Se há verdade nesta construção — e há evidências de que políticas de armar setores civis foram defendidas e implementadas por políticas estaduais e federais recentes — então a responsabilização não pode ficar restrita ao aparato policial: ela deve alcançar os formuladores de políticas públicas que criaram um ambiente permissivo para a circulação de armamento. Informações jornalísticas e relatórios já indicaram conexões preocupantes entre flexibilizações e aumento de apreensões de armas em operações.

O que Tarso Genro propõe — e o que a sociedade deve exigir

Tarso Genro não se limita a denunciar; ele aponta caminhos implícitos no próprio diagnóstico: retomar políticas públicas que incluam presença do Estado em serviços essenciais, revisar a doutrina de segurança pública que trata territórios como teatros de guerra, garantir investigações independentes e transparentes, e responsabilizar politicamente aqueles que transformam a violência em espetáculo.

Ao final de seu trecho, Genro sintetiza a sua indignação com uma imagem forte — a dos mortos e das covas:

“Falam em moral, mas o que praticam é a imoralidade institucionalizada. Falam em segurança, mas entregam o caos. Falam em combate ao crime, mas perpetuam a violência. E, no fim, o que sobra são os mortos – os da favela e os da farda -, todos vítimas de uma política sem alma e de um governo sem compaixão.”

Essas palavras exigem resposta — e não apenas retórica: exigem investigação, responsabilização, reformas e políticas que tratem a segurança pública como parte de um projeto de cidadania e inclusão, e não como pretexto para experimentos de violência estatal.
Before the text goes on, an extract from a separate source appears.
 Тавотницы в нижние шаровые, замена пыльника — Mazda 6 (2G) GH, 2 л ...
Um teste para as instituições

Se há algo que este episódio revela, é que o Estado brasileiro, em suas múltiplas instâncias, enfrenta um teste — moral, jurídico e político. A maneira como se conduzirão as investigações, como serão protegidas as famílias das vítimas, como se apurarão possíveis crimes e abusos, e como se repensarão as políticas de segurança, será o indicador mais claro do que somos capazes de preservar: a democracia e a dignidade humana, ou a normalização da barbárie.
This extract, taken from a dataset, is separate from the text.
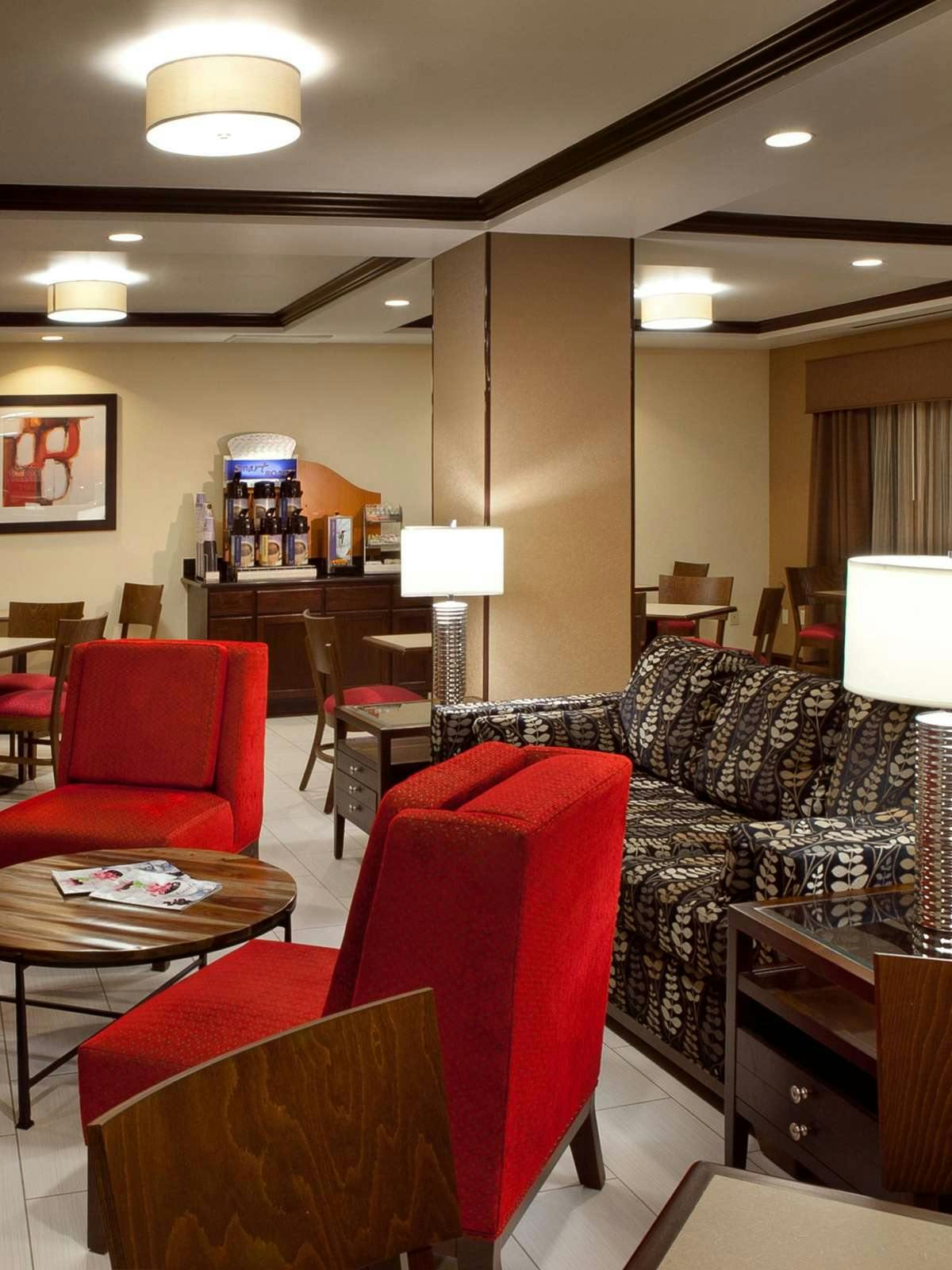 Hotel Holiday Inn Express Hotel & Suites John's Creek photo 3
Tarso Genro, com sua trajetória pública e com o texto que aqui reproduzimos, coloca uma exigência elementar: que o país não transforme em espetáculo eleitoral a morte de brasileiros e brasileiras. E que, acima de tudo, se exigam das autoridades respostas à altura das vidas que foram ceifadas — respostas institucionais, jurídicas e políticas.

Via X

Tarso Genro é advogado, ex-prefeito de Porto Alegre, ex-ministro no governo Lula e ex-governador do Rio Grande do Sul — não fala apenas da boca para fora: sua trajetória pública e sua biografia dão peso a uma crítica que, hoje, volta-se diretamente contra o comando do Estado no Rio de Janeiro. Pai de Luciana e Vanessa, avô de três netos e casado com Sandra Bitencourt, Genro juntou experiência administrativa e sensibilidade política para oferecer, na crise mais grave vivida pelo estado nas últimas décadas, um diagnóstico e um alerta que não podem ser relegados ao silêncio.